But not everyone is like Schuschu. And for those people whose resolve to follow New Year's resolutions falls somewhere north of status-quo but south of full-blown commitment there are some factors that help make lasting change a reality. People are more likely to make an enduring change when they understand just how that change will really touch their lives, Parks says. Take quitting smoking for example. Some people want to quit to better their health. While others want to do it for financial reasons such as saving the money they spend on cigarettes. Still others want to stop fighting with a spouse who is angry about their habit. Try to make resolutions that are relevant to your own life, Parks advises. When people "have something to attach to [the resolution] that's meaningful and powerful for them, I think people tend to stay more motivated," she says.

Carrie Read, who grew up in Winnetka and is now a recruiter for Microsoft Corporation in Seattle, says that last year she made a resolution to send a letter a month. It worked so well that she may do it again this year. "It was great," she says about sending monthly letters to her old college friends, grandparents and a niece who was learning to read. "Nobody gets mail anymore," she explains. "It's all e-mail." And people wrote her back.

In addition to her private practice, Parks also works as a life-coach at the Evanston Athletic Club, where she will lead workshops in January and February titled "No More Resolutions!", designed to help people who are tired of making New Year's resolutions that do not stick to make real changes in their lives. The workshop is open to the public. It is not that Parks thinks resolutions are bad, it is just that the typical way people make and fulfill resolutions often does not work, Parks explains. "I think people set really lofty goals which are not necessarily realistic for themselves," she says. Later they find "they can't really live up to it."

Try not to bite off more than you can chew, Parks suggests. Someone who wants to start exercising, for instance, may see the ideal workout regimen to be seven-days a week for an hour each time, Parks says. However, that person might want to start off more slowly perhaps working out for a half-an-hour, three days a week. This is because "they start really big [but] then peter out really quickly because, again, they've taken too much off," she says. It is better for a person to set themselves up for success in the first place and add more exercise on later after getting over the first hump, says Parks.

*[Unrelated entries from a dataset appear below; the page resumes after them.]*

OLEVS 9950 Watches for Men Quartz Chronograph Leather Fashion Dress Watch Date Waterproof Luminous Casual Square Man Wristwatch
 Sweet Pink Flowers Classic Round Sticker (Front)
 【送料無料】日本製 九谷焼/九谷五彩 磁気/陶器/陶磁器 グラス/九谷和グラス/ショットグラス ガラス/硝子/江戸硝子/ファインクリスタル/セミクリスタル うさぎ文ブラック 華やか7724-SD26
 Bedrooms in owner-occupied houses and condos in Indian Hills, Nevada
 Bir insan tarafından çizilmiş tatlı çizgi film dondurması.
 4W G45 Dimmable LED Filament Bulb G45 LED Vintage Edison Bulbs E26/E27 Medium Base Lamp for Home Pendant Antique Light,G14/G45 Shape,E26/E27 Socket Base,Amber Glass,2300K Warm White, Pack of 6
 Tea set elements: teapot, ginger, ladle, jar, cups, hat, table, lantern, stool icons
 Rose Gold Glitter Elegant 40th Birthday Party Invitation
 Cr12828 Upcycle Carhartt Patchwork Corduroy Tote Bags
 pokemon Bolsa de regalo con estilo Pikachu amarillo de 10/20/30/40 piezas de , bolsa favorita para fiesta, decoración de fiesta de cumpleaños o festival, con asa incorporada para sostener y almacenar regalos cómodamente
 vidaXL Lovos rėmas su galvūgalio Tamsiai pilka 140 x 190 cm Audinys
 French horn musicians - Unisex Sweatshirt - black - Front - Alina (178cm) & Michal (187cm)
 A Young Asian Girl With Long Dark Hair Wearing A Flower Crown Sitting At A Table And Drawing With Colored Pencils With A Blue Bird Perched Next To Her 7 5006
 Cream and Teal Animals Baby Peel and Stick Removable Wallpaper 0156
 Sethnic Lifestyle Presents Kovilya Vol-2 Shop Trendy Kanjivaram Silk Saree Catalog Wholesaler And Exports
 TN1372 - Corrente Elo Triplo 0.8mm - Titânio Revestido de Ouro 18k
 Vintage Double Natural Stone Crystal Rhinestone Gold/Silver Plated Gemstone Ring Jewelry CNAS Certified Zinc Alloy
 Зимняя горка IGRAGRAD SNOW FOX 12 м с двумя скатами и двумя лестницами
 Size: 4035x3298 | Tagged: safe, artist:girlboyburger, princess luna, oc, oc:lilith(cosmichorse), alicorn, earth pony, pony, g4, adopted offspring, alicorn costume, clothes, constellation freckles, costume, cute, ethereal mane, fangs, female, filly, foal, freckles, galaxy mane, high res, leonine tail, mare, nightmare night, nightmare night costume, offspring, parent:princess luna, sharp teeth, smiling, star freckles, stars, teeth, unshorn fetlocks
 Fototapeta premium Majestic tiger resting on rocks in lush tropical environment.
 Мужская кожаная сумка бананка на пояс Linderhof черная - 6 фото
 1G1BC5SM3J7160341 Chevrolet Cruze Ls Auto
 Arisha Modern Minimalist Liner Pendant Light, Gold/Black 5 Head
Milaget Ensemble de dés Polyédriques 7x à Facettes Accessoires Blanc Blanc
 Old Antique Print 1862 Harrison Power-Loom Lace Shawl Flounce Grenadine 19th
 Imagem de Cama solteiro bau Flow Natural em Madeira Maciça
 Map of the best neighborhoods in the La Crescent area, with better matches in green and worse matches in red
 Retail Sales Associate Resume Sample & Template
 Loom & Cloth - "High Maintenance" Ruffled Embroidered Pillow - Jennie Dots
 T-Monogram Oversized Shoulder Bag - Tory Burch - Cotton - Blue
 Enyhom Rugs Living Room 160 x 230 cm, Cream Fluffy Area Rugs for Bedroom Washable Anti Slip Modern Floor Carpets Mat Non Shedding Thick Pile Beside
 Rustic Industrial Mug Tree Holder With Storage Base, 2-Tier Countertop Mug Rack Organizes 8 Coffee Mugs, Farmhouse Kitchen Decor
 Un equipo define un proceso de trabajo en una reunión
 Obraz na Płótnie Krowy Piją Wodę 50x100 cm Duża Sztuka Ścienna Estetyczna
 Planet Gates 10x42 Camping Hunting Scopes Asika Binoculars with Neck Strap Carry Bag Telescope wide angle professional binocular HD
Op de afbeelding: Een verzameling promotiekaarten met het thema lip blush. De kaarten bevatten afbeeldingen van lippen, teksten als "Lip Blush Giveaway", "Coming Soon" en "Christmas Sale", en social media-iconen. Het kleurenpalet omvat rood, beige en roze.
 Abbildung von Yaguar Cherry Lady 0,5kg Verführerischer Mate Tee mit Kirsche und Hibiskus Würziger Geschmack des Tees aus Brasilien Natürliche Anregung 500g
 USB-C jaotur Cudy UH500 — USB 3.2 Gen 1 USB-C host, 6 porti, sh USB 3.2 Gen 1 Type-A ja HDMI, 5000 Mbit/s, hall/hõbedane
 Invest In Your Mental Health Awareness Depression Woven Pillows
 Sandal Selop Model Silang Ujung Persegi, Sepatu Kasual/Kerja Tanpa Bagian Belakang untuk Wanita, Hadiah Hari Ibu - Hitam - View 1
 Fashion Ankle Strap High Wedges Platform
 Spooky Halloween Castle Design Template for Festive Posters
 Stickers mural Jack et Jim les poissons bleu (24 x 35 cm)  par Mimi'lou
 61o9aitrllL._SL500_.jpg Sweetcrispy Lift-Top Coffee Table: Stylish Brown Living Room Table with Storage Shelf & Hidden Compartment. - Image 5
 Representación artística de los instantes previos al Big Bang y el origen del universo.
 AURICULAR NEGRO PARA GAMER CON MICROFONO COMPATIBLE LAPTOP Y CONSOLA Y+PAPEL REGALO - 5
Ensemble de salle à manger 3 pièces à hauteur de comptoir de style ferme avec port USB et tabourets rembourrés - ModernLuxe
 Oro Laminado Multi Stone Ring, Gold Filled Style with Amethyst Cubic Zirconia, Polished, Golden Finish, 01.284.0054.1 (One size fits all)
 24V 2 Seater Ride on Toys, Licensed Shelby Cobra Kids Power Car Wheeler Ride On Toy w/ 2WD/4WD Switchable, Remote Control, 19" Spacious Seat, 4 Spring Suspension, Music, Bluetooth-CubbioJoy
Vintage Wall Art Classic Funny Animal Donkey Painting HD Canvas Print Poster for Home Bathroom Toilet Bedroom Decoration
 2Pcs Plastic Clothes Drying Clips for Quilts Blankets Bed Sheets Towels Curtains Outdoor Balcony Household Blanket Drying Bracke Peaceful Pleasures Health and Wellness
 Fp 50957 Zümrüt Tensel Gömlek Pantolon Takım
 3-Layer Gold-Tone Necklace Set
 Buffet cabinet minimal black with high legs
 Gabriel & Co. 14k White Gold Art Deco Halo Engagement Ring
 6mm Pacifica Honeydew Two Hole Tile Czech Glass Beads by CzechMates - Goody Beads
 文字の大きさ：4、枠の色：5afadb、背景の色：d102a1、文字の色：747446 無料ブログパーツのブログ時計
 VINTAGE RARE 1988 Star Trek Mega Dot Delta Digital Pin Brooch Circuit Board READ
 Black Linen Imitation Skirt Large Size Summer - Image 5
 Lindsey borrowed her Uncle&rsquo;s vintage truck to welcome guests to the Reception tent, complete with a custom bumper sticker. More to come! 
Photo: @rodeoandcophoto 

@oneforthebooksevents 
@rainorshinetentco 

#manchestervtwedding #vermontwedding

For Nolan, already an experienced exerciser who wants to work out longer, Parks suggests she think about what it will take to make it happen. You cannot create time, she says, but you can choose how to spend it. Ask yourself, when in the week does it make sense to go to the gym? Ask: "How can I make it easier and how can I make it fun?" Nolan has already decided to get up earlier. But if people find that their resolution does not make sense after thinking it through, they should abandon or revise it, Parks says. Sometimes people make commitments, like losing weight, that are not for themselves but for other people. "They're not really ready to do it themselves," Parks explains.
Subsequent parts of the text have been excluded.